You know what I'll miss? I'll miss your laugh. The way it always filled the room. Even in the deepest winters and darkest moments, it was enough to melt the heart —bursting with this ferocious enthusiasm and contagious sense of urgency to embrace life and live in the now.
You know what I'll remember? I'll remember rushing down the basketball court, sweat dripping down my forehead and slicking my hands, and looking over to see you in the bleachers smiling back. I'll remember the countless mornings I spent in my college's radio studio, and how you were always the first (and oftentimes, the only person) to call into my 6 a.m. shift. You always requested Rod Stewart. I love you for that.

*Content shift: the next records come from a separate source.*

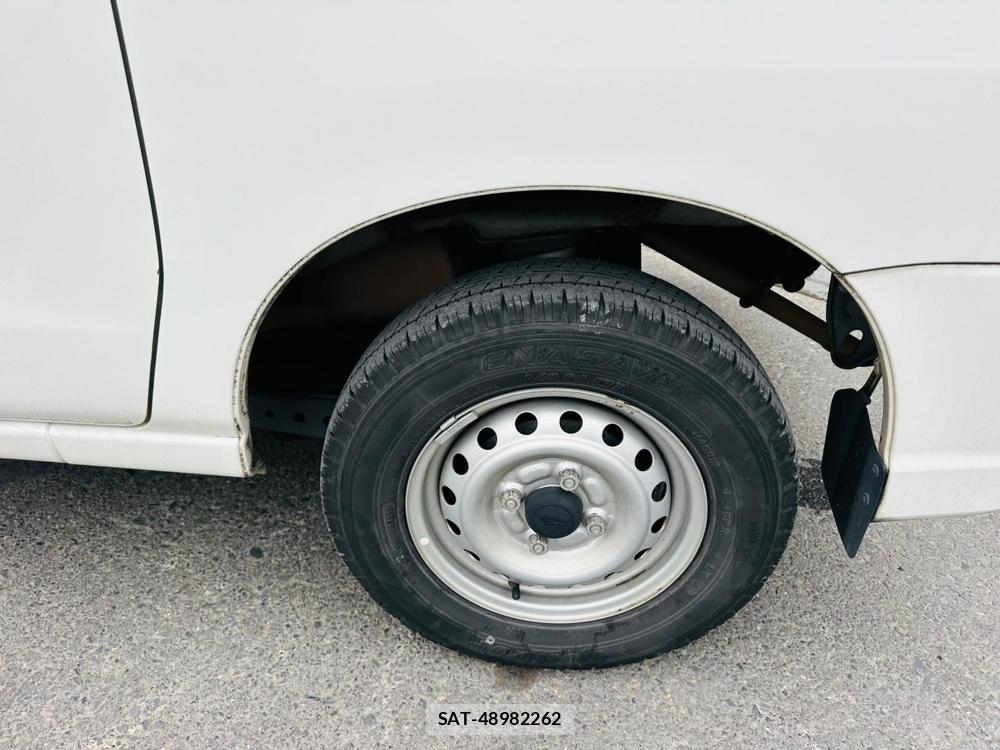 Daihatsu HIJET CARGO 2020 7171842-30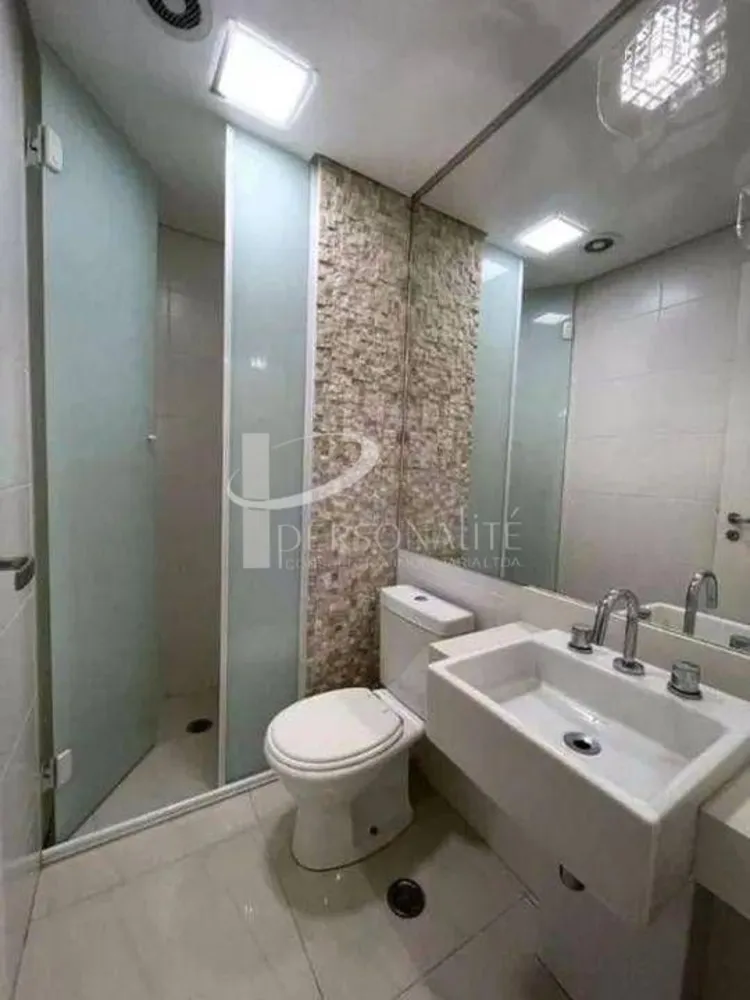 Apartamento, 3 quartos, 92 m² - Foto 2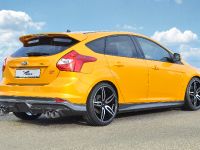 Wolf Racing Ford Focus ST (2013) - picture 2 of 7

You know what I'll hold? I'll hold onto the eternal sense of youth you gave me. Everyday I spent with you, I was 5 years old again and the world was our playground.
I will never forget the Thanksgiving we hosted in the hospital after you got sick. We plugged our crockpots into an outlet in the waiting room, and spent the next few hours shuffling back and forth to your room. It's one of my favorite memories together. In a time when we were face-to-face with the eternal truth of impermanence and mortality, your playful disposition never changed. You continued to tell jokes through the night, until all of the onsite staff dropped by to catch a glimpse of your standup routine.
You know what I’ll carry? I’ll carry with me your eternal and endless love. I am so grateful to have shared the past 22 years of my life with you. You are the light of my life. Thank you for always reminding and encouraging me to live, love, expand, explore and connect. To live in a place of authenticity and to embrace it unapologetically.
I love and miss you so much already.